Когда я думаю обо всех препятствиях, которые должен был преодолеть здесь человек, чтобы получить возможность жить, чтобы построить город на месте медвежьих берлог и волчьих нор, город, достойный тщеславия великого монарха и великого народа, тогда каждый куст, каждая роза кажутся мне настоящим чудом. Если Петербург - это оштукатуренная Лапландия, то Петер­гоф - дворец Армиды под стеклом. Не верится, что находишься под открытым небом, видя вокруг себя столько изящества, блеска и зная, что несколькими градусами дальше северный год разде­ляется на день, ночь и сумерки, длящиеся по три долгих месяца. Я всегда готов восхищаться победами человеческой воли, но из этого не следует, что я должен часто давать волю своему вос­хищению.

В петергофском парке можно проехать с милю, не побывав два раза на одной и той же аллее; вообразите же себе весь этот парк в огне! В этой льдистой и лишенной яркого солнечного света стране иллюминации похожи на пожары. Кажется, будто ночь хочет вознаградить людей за тусклый день. Деревья исче­зают под бриллиантовыми ризами и в каждой аллее огней больше,чем листьев. Перед вами Азия, не реальная Азия наших дней, но сказочный Багдат из «Тысячи и одной ночи» или еще более ска­зочный Вавилон времен Семирамиды(Семирамида - жена ассирийского царя Нина (VIII в. до начала нашего ле­тосчисления). Она избрала своей столицей Вавилон, который украсила со ска­зочным великолепием. Между другими замечательными сооружениями Семира­мида устроила знаменитые висячие сады, считавшиеся одним из семи чудес света. )

Говорят, что в день тезоименитства императрицы шесть тысяч экипажей, тридцать тысяч пешеходов и бесчисленное множество лодок покидают Петербург и располагаются лагерем вокруг Петер­гофа. Это единственный день, когда я видел настоящую толпу в России. Штатский бивуак в насквозь военной стране сам по себе уже диковинка. Конечно, войска тоже принимают участие в празднестве: часть гвардии и кадетские корпуса стоят в лагерях около царской резиденции.
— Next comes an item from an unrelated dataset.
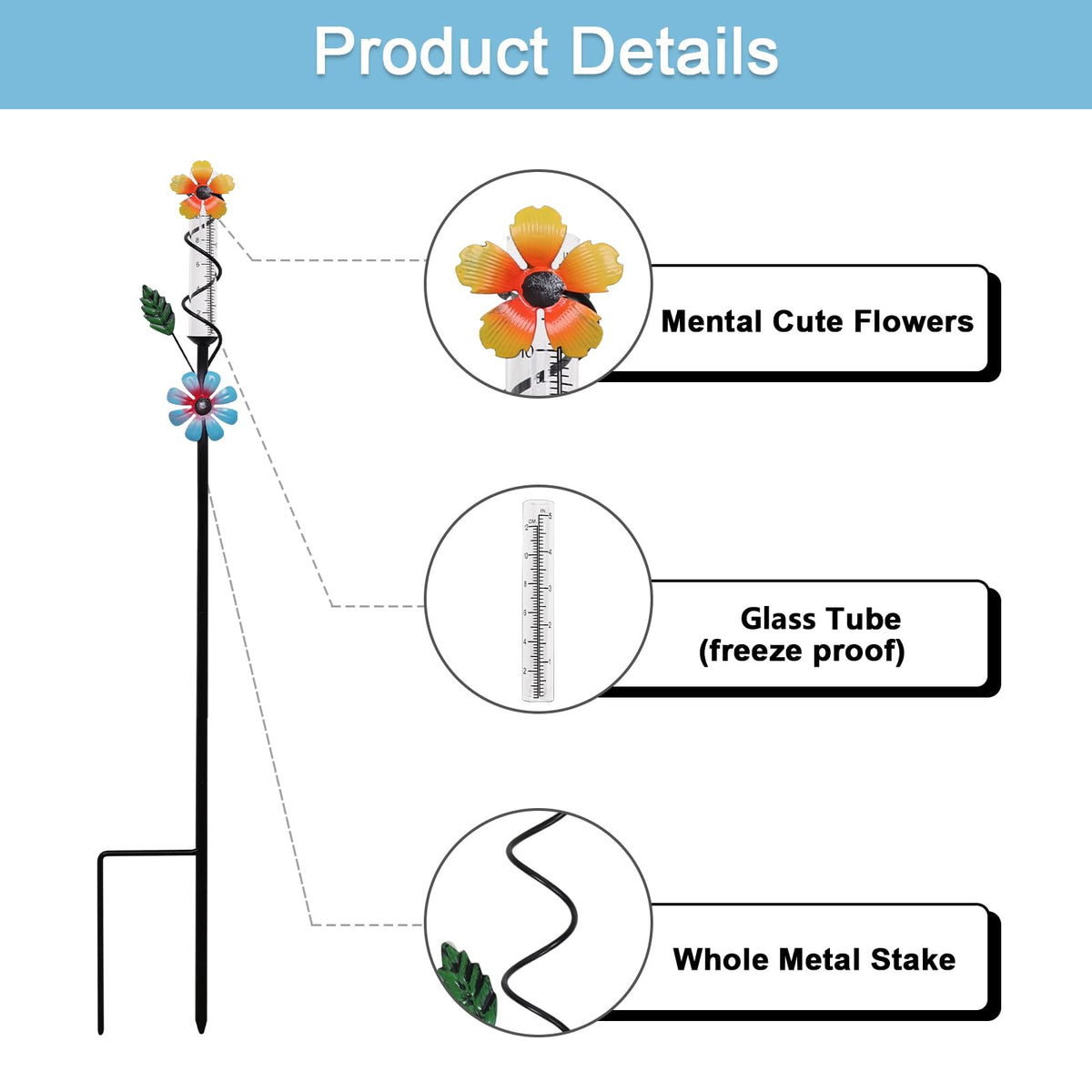 ESTTOP Flower Rain Gauge uses a sturdy bracket for all-weather garden stability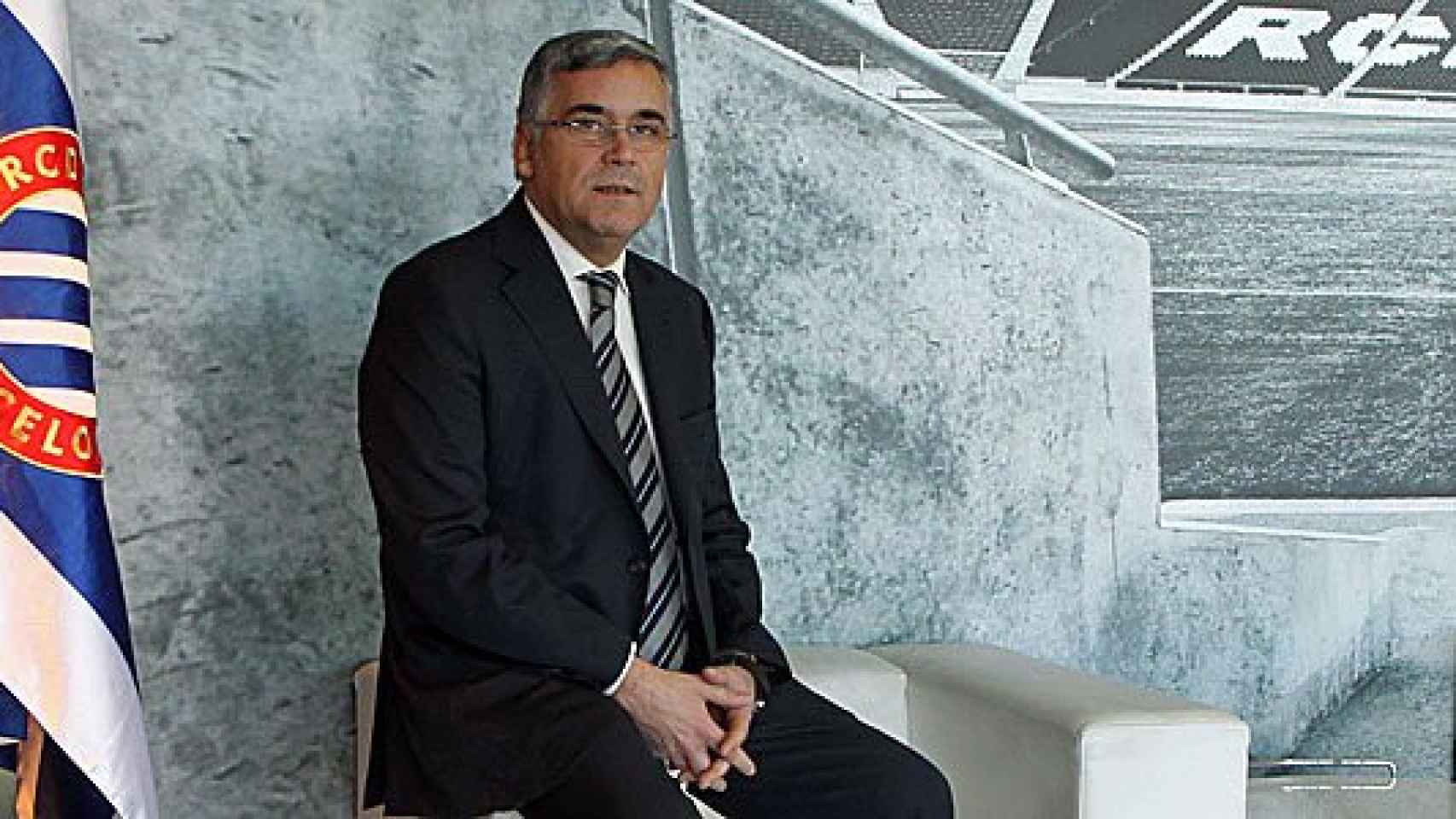 El presidente del R.C.D. Espanyol, Joan Collet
И весь этот люд - офицеры, солдаты, купцы, крепостные, дворяне, царедворцы - бродят, перемешав­шись друг с другом, в лесу, откуда мрак ночной изгнан двумя с половиной сотнями тысяч огней.

Мне назвали эту цифру, и я ее повторяю наобум, ибо для меня двести тысяч и два миллиона не составляют разницы - я не имею соответствующего глазомера. Я знаю одно: это огром­ное количество огней дает столько света, что перед ним меркнет естественный свет северного дня. В России император затмевает солнце. К концу лета ночи здесь вступают в свои права и быстро увеличиваются, так что без иллюминации вчера было бы темно в течение нескольких часов.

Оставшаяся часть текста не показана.